Ese es uno de los costos marginales de la pretenciosa profundidad que intenta alcanzar El mecánico. Otro es una falta de sentido del humor inexplicable en un producto encabezado por Jason Statham. El calvo actor inglés vuelve a encarnar a un especialista en el arte de matar, pero esta vez sin la afectada autoparodia que se ha convertido en su sello. Arthur Bishop es un asesino a sueldo al que le dicen “el Mecánico” por la extrema precisión con que elimina a sus víctimas.
Tras una magnífica escena inicial en la pileta climatizada de un narcotraficante colombiano, empiezan a sucederse situaciones que desvían la acción hacia zonas de alto riesgo. Algunos ejemplos. Uno: el protagonista piensa en voz alta y sus pensamientos parecen el extracto del manual del asesino perfecto. Dos: en el puerto de Nueva Orleans donde vive alejado del mundanal ruido tiene un amigo negro del que recibe sabios consejos a cambio de una buena botella de whisky. Y tres (el colmo): la distante amabilidad con la que trata a la prostituta que sacia sus instintos de solitario empedernido.
La antología de dudoso gusto se completa con un veterano en silla de ruedas que hace de contacto con la organización que le paga los trabajos. El veterano (Donald Sutherland) cumple con una doble obviedad: es una especie de padre para el asesino y se siente decepcionado por su verdadero hijo (Ben Foster). Las cosas terminan de complicarse cuando Arthur recibe la orden de eliminar al viejo. El corazón de la película empieza a latir en el momento en que se hace cargo del hijo de su amigo y lo adopta como aprendiz y socio de sus misiones.
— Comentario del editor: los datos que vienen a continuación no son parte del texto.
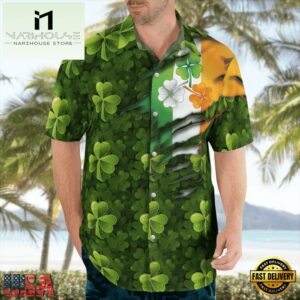 Patrick'S Day Flag And Item Green Clover Background Hawaii Shirt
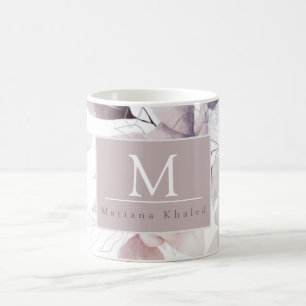 Mug Oiseaux floraux baby shower nature violet et blanc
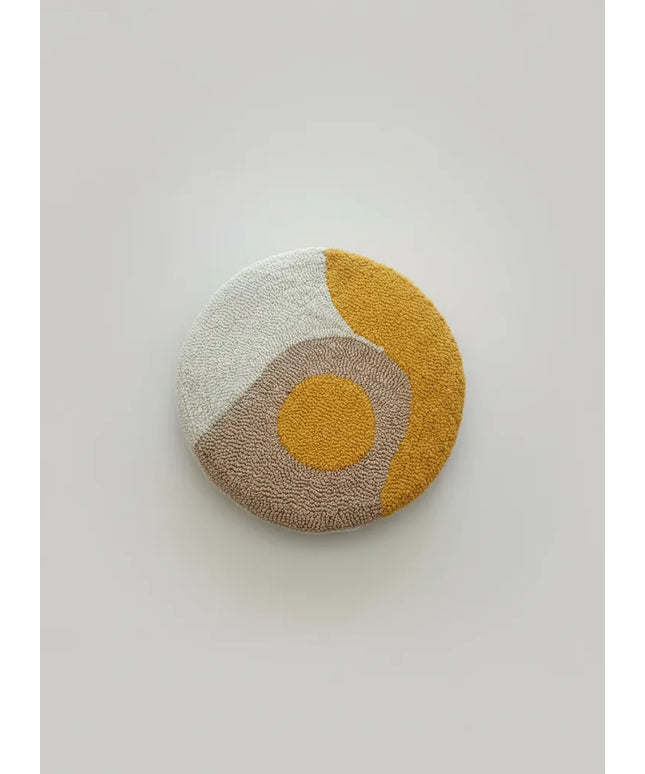 El Yapımı Yuvarlak Tabure Minderi Pastel Renkli Modern Tasarım Kılıfı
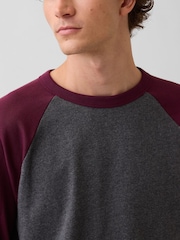Gap Grey/Burgundy Heavyweight Relaxed Long Sleeve T-Shirt - Image 4 of 4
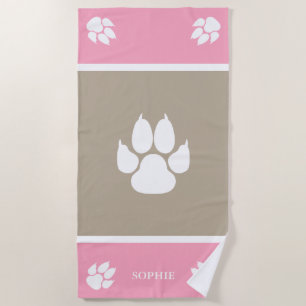 Toalla De Playa Patas rosadas y beige con nombre personalizado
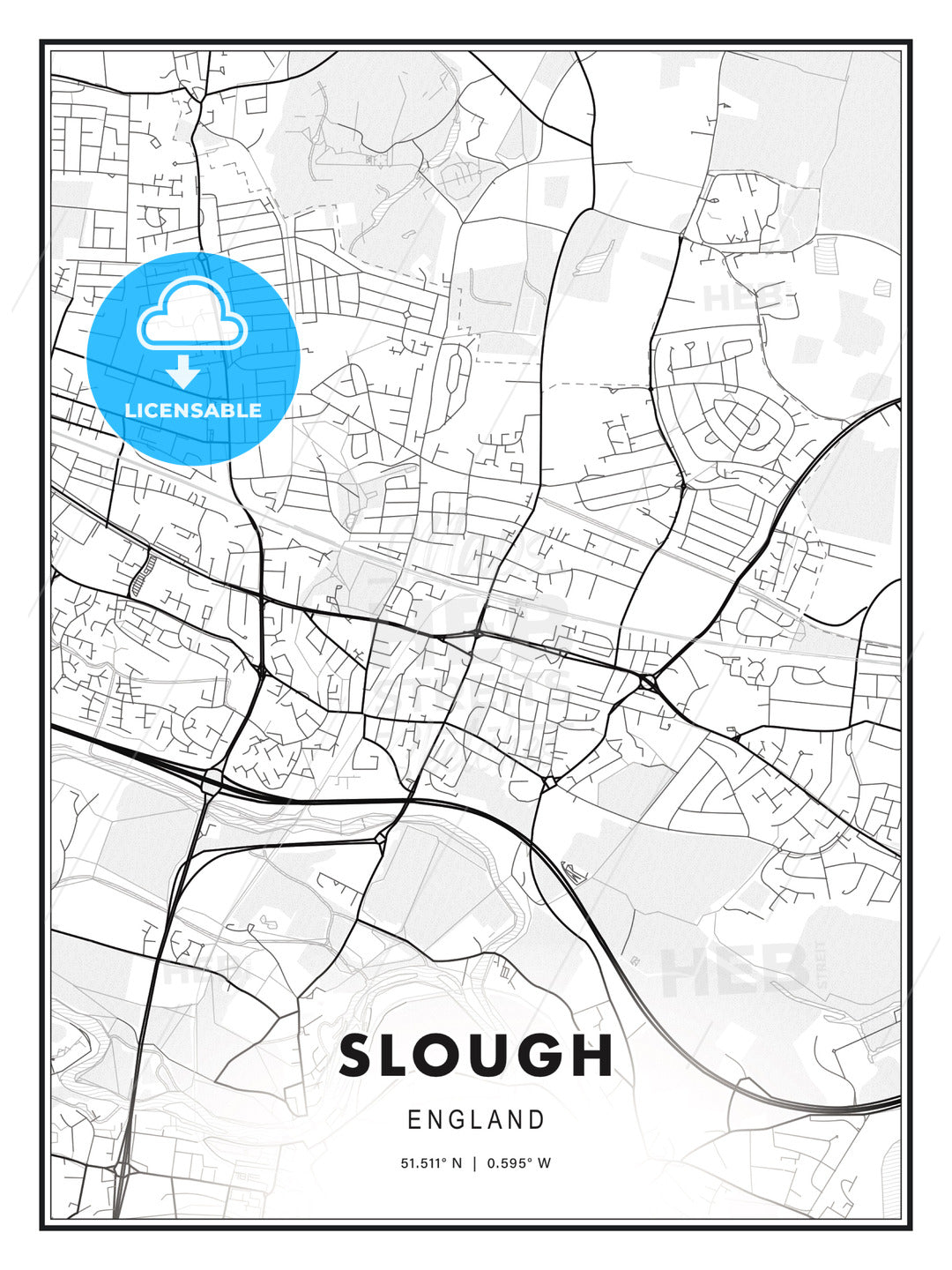 Slough, England, Modern Print Template in Various Formats - HEBSTREITS Sketches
El contraste entre un actor de verdad (Foster) y un ex nadador olímpico (Statham) se agrava cuando la historia se reduce a ellos dos. Si bien el director tiene la delicadeza de separarlos en varias escenas, cada vez que se juntan la distancia entre ambos hace que uno se vea como un ser humano y otro como un títere sin emociones, dotado de una inteligencia que sólo figura en el guión y que nunca brilla en sus ojos.